Different approaches have been developed to model and forecast interval-valued data. The first linear regression model for interval-valued data was investigated in [4] using the center of the interval method. A constrained center and interval range method with nonnegative constraints on the coefficients of the range regression model is addressed in [16]. The use of ARIMA and neural networks models to forecast the center and range of intervals is pursued in [21]. An autoregressive time series modeling approach is addressed in [33], and a threshold autoregressive interval model in [29]. Nonparametric alternatives such as the interval kernel regression method [7] and the nonparametric additive approach [15] have also been developed.

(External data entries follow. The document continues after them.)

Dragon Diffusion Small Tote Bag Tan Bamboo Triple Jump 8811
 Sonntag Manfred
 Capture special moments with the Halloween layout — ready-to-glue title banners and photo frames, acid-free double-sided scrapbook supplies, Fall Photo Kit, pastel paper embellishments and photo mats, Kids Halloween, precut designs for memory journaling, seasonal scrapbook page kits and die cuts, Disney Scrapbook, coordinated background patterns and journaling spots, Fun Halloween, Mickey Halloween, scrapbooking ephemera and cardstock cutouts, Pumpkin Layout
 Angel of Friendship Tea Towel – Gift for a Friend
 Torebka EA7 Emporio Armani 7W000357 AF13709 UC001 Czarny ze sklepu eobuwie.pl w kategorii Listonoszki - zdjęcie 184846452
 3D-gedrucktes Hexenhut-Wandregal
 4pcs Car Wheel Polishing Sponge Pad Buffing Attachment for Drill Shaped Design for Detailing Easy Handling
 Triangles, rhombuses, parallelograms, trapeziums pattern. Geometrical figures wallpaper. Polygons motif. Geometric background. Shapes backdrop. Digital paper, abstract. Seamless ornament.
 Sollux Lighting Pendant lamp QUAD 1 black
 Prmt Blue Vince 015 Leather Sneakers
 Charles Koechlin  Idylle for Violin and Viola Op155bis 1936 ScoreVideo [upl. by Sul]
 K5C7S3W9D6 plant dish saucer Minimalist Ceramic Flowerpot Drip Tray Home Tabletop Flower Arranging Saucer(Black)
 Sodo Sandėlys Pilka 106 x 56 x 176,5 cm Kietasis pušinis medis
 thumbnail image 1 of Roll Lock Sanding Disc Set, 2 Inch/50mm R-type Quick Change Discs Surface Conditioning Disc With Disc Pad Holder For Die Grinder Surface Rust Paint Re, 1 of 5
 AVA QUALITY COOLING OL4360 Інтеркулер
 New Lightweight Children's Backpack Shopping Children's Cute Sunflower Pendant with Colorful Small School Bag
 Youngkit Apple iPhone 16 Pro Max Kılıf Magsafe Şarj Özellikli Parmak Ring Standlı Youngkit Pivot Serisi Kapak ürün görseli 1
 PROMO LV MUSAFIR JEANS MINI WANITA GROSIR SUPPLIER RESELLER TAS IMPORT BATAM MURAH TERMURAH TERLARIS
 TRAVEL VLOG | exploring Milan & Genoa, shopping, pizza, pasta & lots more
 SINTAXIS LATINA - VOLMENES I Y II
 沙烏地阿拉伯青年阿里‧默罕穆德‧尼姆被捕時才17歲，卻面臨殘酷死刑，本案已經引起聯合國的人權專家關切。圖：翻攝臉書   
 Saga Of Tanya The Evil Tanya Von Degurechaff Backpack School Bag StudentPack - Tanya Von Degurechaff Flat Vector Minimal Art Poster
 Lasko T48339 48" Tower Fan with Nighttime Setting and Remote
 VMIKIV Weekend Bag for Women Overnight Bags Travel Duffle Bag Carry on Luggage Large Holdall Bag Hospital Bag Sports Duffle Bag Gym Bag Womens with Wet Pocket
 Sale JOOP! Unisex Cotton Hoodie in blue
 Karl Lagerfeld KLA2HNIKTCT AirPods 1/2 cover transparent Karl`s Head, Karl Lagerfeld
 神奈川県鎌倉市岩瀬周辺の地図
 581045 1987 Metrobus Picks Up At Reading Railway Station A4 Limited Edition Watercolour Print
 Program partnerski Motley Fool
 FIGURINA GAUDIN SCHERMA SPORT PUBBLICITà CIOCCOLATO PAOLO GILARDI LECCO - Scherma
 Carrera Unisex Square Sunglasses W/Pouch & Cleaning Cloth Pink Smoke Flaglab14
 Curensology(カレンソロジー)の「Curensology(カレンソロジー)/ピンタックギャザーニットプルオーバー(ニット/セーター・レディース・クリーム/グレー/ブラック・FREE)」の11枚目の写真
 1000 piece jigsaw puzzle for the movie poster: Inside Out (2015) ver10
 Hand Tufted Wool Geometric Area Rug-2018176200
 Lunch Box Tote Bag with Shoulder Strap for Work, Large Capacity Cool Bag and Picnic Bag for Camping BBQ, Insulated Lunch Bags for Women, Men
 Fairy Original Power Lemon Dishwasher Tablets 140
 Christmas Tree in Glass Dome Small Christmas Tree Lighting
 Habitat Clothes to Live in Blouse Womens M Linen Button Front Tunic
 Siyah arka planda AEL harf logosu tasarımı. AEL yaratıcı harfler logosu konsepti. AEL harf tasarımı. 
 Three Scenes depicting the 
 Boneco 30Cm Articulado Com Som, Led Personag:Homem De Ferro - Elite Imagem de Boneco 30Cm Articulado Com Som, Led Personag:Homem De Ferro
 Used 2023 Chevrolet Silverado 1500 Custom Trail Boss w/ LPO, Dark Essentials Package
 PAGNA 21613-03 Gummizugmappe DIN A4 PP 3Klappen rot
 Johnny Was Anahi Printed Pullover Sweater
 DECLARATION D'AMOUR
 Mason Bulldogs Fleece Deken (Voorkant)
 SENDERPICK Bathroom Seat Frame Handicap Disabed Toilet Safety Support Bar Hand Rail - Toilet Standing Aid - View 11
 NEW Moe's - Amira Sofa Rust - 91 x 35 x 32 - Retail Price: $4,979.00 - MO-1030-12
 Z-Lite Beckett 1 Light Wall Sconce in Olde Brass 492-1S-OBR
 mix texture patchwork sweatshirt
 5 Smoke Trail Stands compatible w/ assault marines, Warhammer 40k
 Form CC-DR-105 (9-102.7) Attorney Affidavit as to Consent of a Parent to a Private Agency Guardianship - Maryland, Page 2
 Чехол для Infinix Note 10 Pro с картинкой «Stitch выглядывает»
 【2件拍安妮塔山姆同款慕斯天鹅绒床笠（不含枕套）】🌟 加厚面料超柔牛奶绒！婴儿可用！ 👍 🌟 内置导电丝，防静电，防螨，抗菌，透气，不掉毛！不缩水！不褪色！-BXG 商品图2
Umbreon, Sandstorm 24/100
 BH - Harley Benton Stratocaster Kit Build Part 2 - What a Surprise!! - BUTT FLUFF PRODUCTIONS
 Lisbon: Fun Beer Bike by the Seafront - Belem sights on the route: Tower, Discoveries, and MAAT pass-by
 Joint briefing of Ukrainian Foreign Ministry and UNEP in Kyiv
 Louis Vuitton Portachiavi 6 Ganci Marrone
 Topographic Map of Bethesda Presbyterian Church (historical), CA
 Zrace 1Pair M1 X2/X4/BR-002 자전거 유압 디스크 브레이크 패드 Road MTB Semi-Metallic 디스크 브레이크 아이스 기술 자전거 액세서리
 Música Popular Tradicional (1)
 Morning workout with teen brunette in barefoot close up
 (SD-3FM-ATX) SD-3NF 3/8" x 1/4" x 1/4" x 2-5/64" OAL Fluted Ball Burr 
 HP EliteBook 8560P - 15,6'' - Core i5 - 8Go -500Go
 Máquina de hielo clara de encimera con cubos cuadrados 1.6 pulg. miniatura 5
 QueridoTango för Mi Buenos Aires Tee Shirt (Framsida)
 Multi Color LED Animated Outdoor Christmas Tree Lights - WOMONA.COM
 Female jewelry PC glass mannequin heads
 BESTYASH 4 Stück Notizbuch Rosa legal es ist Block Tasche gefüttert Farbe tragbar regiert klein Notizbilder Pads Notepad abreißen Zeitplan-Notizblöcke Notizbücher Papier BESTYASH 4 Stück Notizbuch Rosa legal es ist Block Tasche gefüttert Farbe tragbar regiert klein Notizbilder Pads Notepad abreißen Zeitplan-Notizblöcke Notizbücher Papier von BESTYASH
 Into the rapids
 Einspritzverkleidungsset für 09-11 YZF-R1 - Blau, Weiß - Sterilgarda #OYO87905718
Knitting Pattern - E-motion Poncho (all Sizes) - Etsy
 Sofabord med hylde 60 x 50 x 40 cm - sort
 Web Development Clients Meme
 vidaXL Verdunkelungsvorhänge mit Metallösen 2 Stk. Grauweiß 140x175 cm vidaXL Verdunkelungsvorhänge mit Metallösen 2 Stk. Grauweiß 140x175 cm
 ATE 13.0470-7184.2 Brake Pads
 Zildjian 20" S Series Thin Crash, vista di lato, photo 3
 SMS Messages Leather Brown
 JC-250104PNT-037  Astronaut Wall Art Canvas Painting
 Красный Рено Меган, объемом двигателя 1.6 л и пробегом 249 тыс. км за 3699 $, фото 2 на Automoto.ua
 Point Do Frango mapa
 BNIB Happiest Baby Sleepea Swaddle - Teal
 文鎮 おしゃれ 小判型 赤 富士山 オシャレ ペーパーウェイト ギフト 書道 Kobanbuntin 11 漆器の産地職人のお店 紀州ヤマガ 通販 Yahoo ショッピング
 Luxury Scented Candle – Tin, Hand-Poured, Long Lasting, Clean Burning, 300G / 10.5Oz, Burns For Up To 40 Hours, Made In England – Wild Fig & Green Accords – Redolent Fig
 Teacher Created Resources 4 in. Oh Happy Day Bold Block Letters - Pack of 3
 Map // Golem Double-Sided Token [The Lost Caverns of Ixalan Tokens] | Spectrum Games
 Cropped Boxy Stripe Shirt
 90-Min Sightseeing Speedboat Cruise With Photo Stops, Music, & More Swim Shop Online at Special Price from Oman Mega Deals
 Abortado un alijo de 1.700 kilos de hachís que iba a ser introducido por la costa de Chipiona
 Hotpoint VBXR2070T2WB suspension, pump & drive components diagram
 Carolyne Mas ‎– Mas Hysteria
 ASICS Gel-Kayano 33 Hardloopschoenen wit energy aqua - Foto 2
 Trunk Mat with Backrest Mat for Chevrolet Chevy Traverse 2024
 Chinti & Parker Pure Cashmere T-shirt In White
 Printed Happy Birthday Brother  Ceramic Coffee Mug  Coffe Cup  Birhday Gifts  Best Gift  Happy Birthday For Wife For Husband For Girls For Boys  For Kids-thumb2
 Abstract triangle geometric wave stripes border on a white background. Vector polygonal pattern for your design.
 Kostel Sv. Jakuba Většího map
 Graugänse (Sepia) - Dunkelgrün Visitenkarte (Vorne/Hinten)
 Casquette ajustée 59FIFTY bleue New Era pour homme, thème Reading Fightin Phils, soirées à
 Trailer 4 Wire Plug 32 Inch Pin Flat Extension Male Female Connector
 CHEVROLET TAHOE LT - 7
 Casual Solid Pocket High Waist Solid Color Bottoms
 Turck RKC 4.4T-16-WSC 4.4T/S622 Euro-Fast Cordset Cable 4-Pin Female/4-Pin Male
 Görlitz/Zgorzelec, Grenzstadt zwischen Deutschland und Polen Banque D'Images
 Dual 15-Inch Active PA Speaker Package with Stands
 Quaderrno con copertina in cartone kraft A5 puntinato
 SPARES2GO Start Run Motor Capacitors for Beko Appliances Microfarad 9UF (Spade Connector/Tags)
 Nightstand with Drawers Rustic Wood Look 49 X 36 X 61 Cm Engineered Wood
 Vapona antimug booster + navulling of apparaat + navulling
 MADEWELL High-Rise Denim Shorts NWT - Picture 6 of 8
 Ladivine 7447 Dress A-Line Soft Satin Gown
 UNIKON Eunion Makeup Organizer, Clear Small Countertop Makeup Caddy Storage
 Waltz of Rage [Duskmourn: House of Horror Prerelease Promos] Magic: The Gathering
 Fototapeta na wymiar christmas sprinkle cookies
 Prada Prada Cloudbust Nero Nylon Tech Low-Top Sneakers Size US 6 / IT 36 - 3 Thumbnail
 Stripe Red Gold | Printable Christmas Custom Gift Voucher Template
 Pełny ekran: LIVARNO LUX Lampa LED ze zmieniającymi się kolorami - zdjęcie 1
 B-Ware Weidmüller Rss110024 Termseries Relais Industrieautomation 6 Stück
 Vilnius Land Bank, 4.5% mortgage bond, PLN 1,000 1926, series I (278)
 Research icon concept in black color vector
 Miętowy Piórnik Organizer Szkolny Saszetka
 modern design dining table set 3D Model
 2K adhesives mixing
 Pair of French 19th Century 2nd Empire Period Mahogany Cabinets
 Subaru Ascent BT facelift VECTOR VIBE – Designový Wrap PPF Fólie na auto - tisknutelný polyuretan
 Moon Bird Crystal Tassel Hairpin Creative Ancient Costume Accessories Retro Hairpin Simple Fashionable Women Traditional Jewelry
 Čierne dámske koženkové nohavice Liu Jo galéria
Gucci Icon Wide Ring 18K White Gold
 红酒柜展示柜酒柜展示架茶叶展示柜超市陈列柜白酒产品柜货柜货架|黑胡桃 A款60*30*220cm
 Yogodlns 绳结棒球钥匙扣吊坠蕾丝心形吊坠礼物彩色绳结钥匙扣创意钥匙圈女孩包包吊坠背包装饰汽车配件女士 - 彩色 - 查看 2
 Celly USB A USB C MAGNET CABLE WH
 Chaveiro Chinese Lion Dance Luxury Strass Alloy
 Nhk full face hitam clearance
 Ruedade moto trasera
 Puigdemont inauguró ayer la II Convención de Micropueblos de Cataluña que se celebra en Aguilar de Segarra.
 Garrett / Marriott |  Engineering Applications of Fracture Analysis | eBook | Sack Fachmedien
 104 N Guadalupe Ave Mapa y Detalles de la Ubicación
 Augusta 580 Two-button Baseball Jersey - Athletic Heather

Machine learning has also been used in interval-valued data modeling and forecasting. Examples include the interval multilayer perceptron (iMLP) model [26], a multilayer perceptron (MLP) neural network and Holt’s exponential smoothing [20], a multiple-output support vector regression method for interval-valued stock price index forecasting [34].

The possibilistic fuzzy, evolving method for interval time series modeling and forecasting was proposed in [19]. In this case, the model employs memberships and typicalities to recursively cluster data, uses participatory learning to update the forecasting model structure as stream data are input, and processes interval-valued data.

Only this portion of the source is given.